Ingelesez: MR. GALBRAITH: Thank you. I’m James Galbraith from the University of Texas at Austin. I’m accompanied by Warren Mosler, a Senior Associate Fellow at the [indiscernible] Center for Economic and Public Policy at the University of Cambridge [indiscernible].

I appreciate very much the opportunity to appear here, particularly given the somewhat sharp tone of my first intervention, which came in response to a request for comment from my colleague [indiscernible].

What we seek to do in our remarks here is to raise some fundamental questions about the project [indiscernible], in particular to pose the question very sharply whether it is appropriate to focus on these specters of solvency versus instability, which we believe are not well-defined questions, not problems that are likely to arise. And that the track, in fact, for a more appropriate focus on the actual problems that the issues that we’re examining could pose, namely, specifically, in the short run unemployment, if the management of the economy is not adequate to the current crisis, or in the longer run, inflation if some of the issue of excessive spending are [indiscernible] potentially are not addressed.

I want to first of all state some general principles and then to put some specifics on the table before you in just a very few minutes, and then turn over the floor to Mr. Mosler for a few thoughts.

The first and most basic general principles, there are two of them I’d like to mention, that separate the practice of accounting as it applies to the Government sector from the practice as it applies to the private sector. The first is that the Government’s interest is the public interest. The Government is there to provide for the general welfare. That is the objective. There is no particular correlation between this interest and a position of surplus or deficit nor of indebtedness in the Government’s books.

Secondly, the Government is sovereign. This fact gives to the Government authority that households and firms do not have. In particular, the Government has the power to tax and issue money. The power to tax means that the Government does not need to sell its products and the power to issue currency means that it can make purchase by committing IOUs. No private firm can do this. They can neither require that the market buy their products nor their debt.
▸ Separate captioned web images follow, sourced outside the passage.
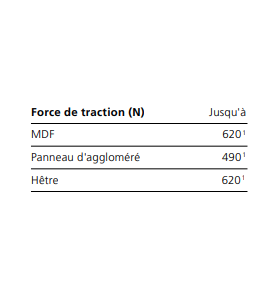 Clamex S-20 Starterset Lamello - Kit de démarrage SYS+80p+Gabarit & foret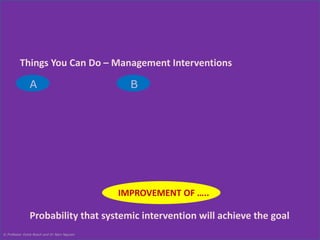 Things You Can Do – Management Interventions 
A 
B 
IMPROVEMENT OF ….. 
Probability that systemic intervention will achieve the goal 
© Professor Ockie Bosch and Dr Nam Nguyen 
 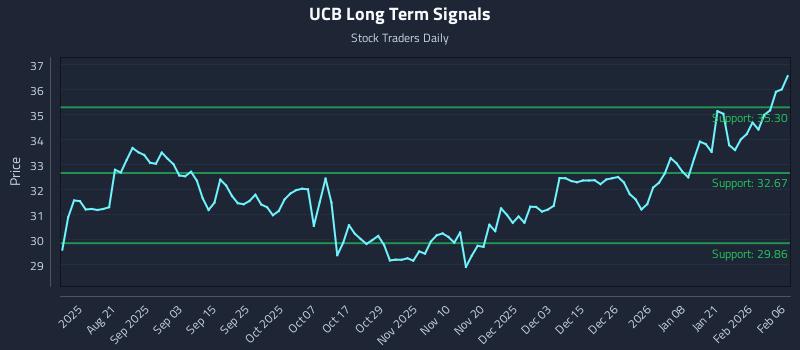 UCB Long Term Analysis for February 8 2026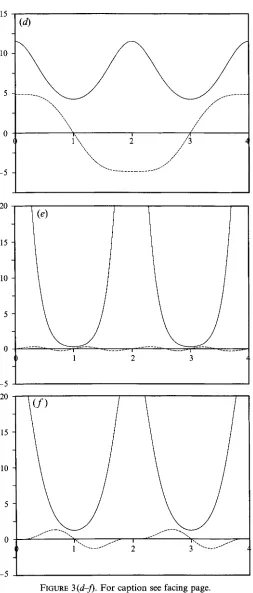 FIGURE 3(d-f). For caption see facing page. 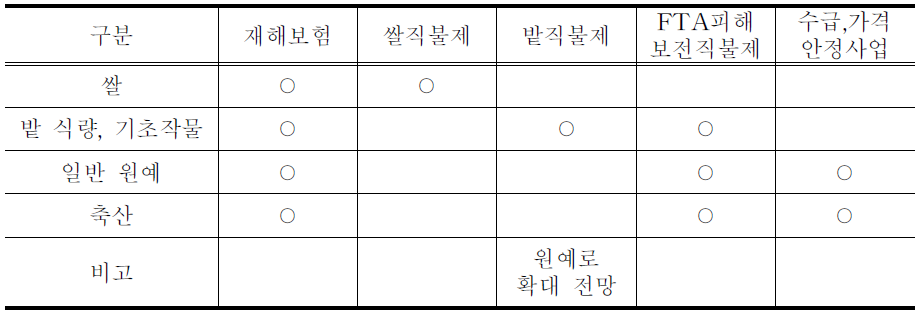 주요 품목류별 경영안정 정책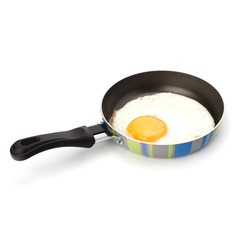 Fried egg on pan
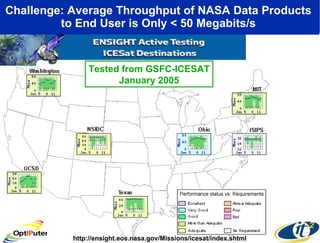 Challenge: Average Throughput of NASA Data Products  to End User is Only < 50 Megabits/s  Tested from GSFC-ICESAT January 2005 http://ensight.eos.nasa.gov/Missions/icesat/index.shtml 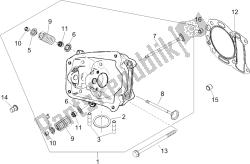 Head unit - Valve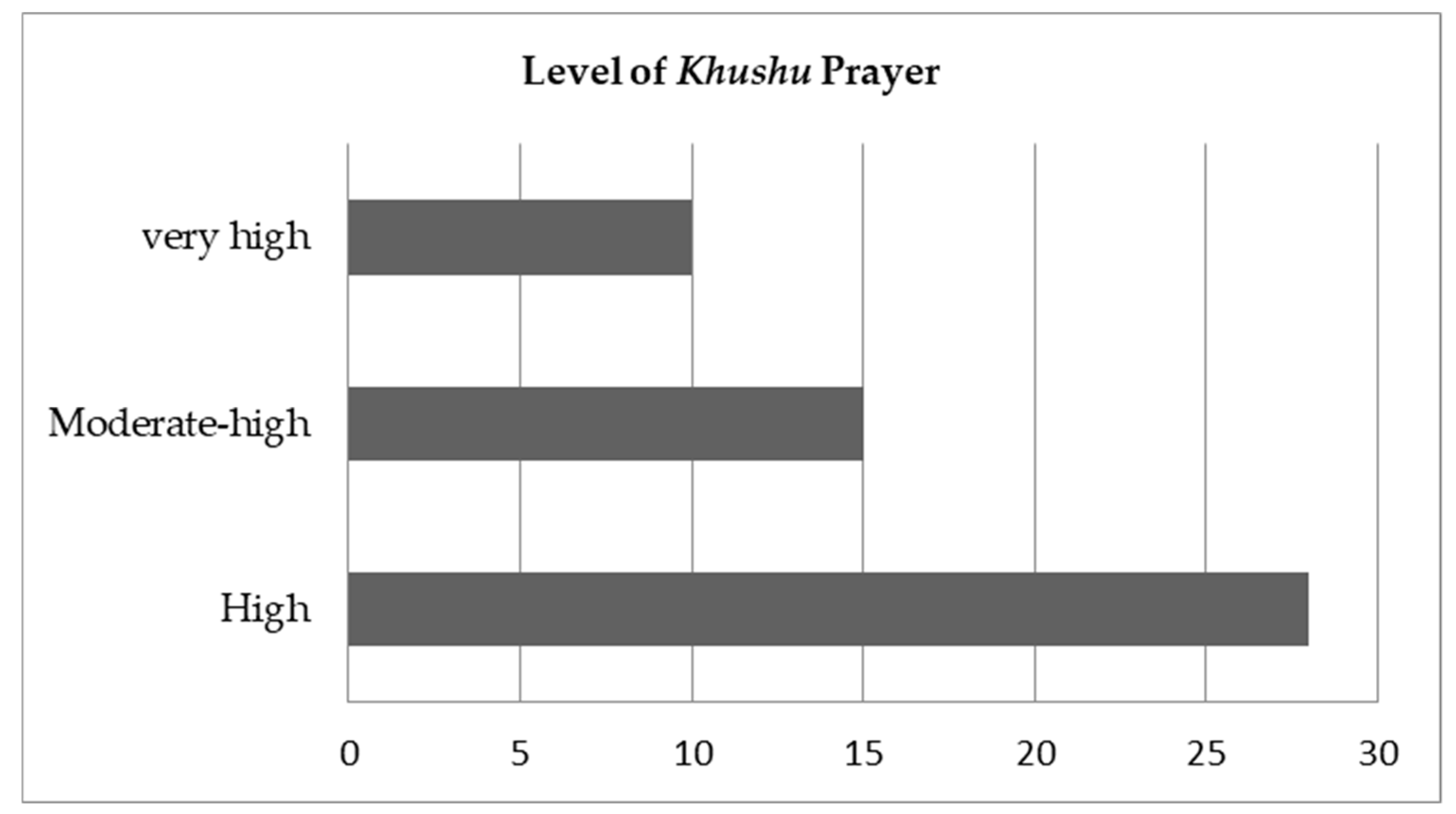 Religions 11 00361 g002
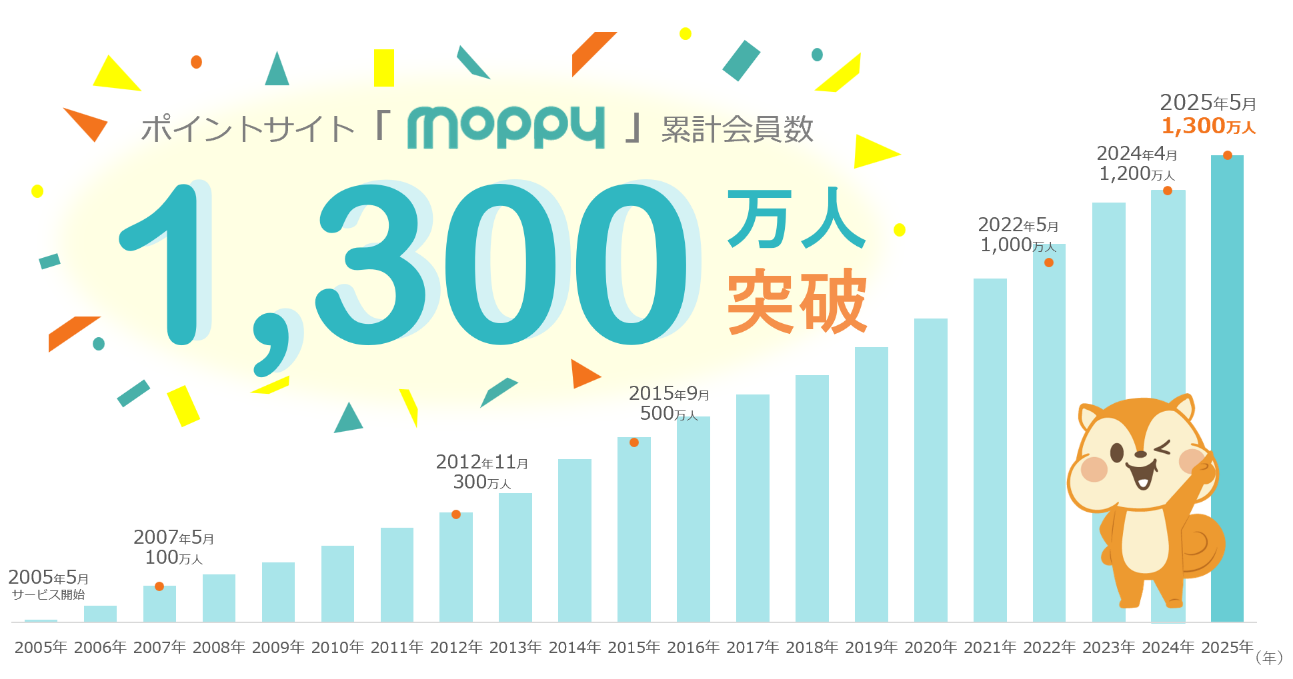 ポイントサイト「モッピー」の累計会員数が1,300万人を突破！～ポイ活市場活況により年間約100万人ペースで会員増～ | ニュースリリース |  株式会社セレス - インターネットマーケティングを通じて豊かな世界を実現する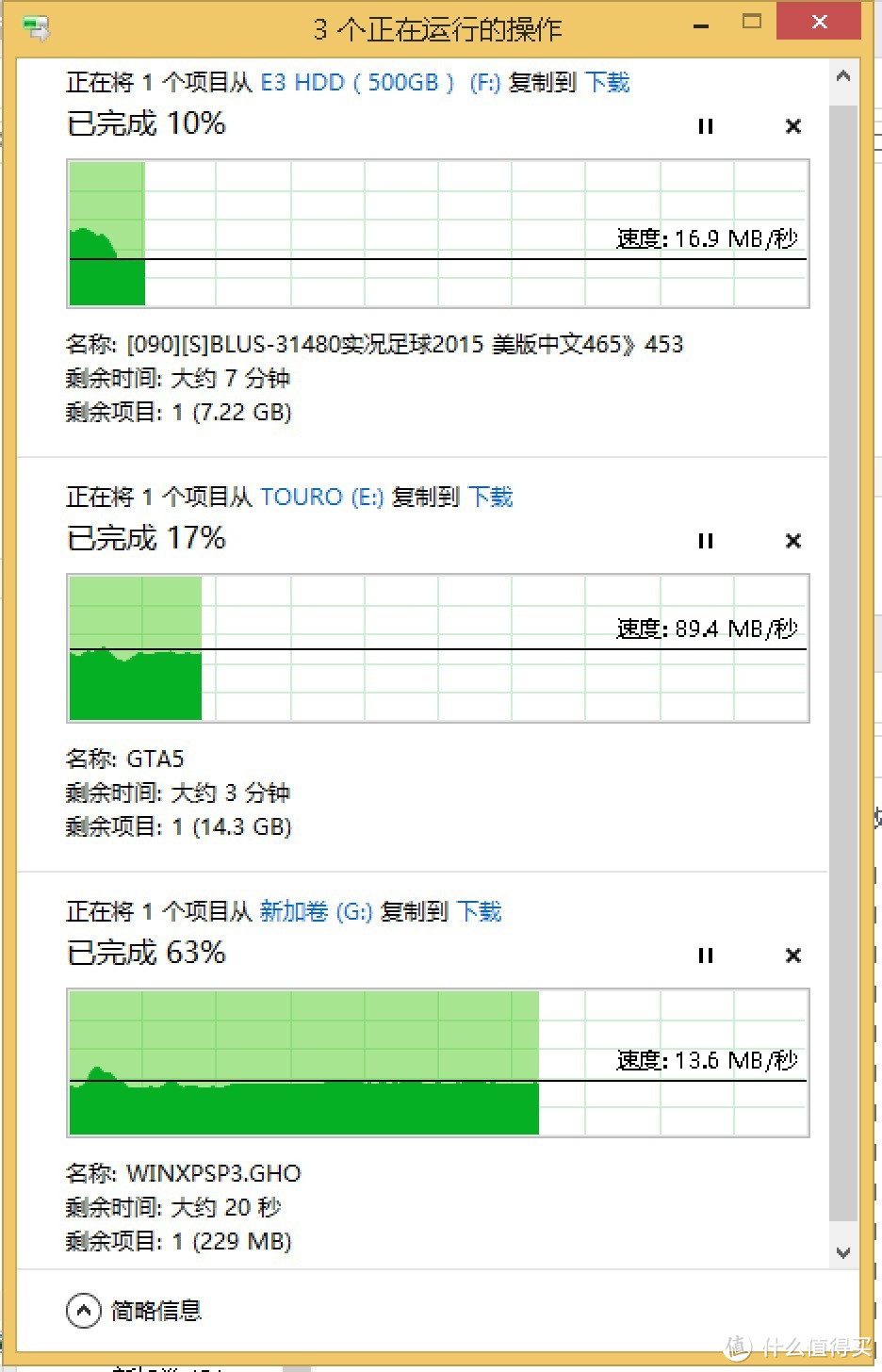 可能是mac book的最好配件？ORICO 奥睿科 USB3.0 转千兆以太网口 3口USB3.0HUB集线器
Those are basic matters, in fact, they’re not controversial. But they tend to, I think, get overlooked to some degree when we are using the principles and ideas that derive from private sector accounting to develop appropriate financial standards for the U.S. Government. In the real world, of course, what we observe is that the U.S. Government does tend to run persistent deficits. This has been true since the beginning of the Republic, and it is matched by a persistent tendency of the non-government sector to save. The non-government sector accumulates net claims on the Government, the non-government sector’s net savings is equalized by identity to the U.S. Government’s deficits. Debt issued between the private parties cancels out, but debt between the private sector and the Government remains, with the private sector’s net financial wealth consisting of the Government’s net debt. So this is something which needs to be taken account of when you consider the position of the Government in relation to the national [indiscernible], two general principles I wanted to raise.

And then I want to raise very specifically a handful of more specific points that relate to issue that I think need to be addressed in the development of the exposure drafts. First is a very basic principle concerning the nature of a balance sheet. The [indiscernible] drafts are intended to be statements of financial condition for the Government and for the Nation. The first point is that these two concepts, the Government and the Nation, are not interchangeable. And to use them interchangeably as the exposure drafts do is a source of confusion.

And the second point, in our understanding, a statement of financial condition is in general a balance sheet. And that term’s been used already extensively this morning. But balance sheets, in our understanding, are generally constructed with two columns, one for liabilities and the other for assets. That’s a principle which istrue, it seems to me, for the public as well as for the private sector.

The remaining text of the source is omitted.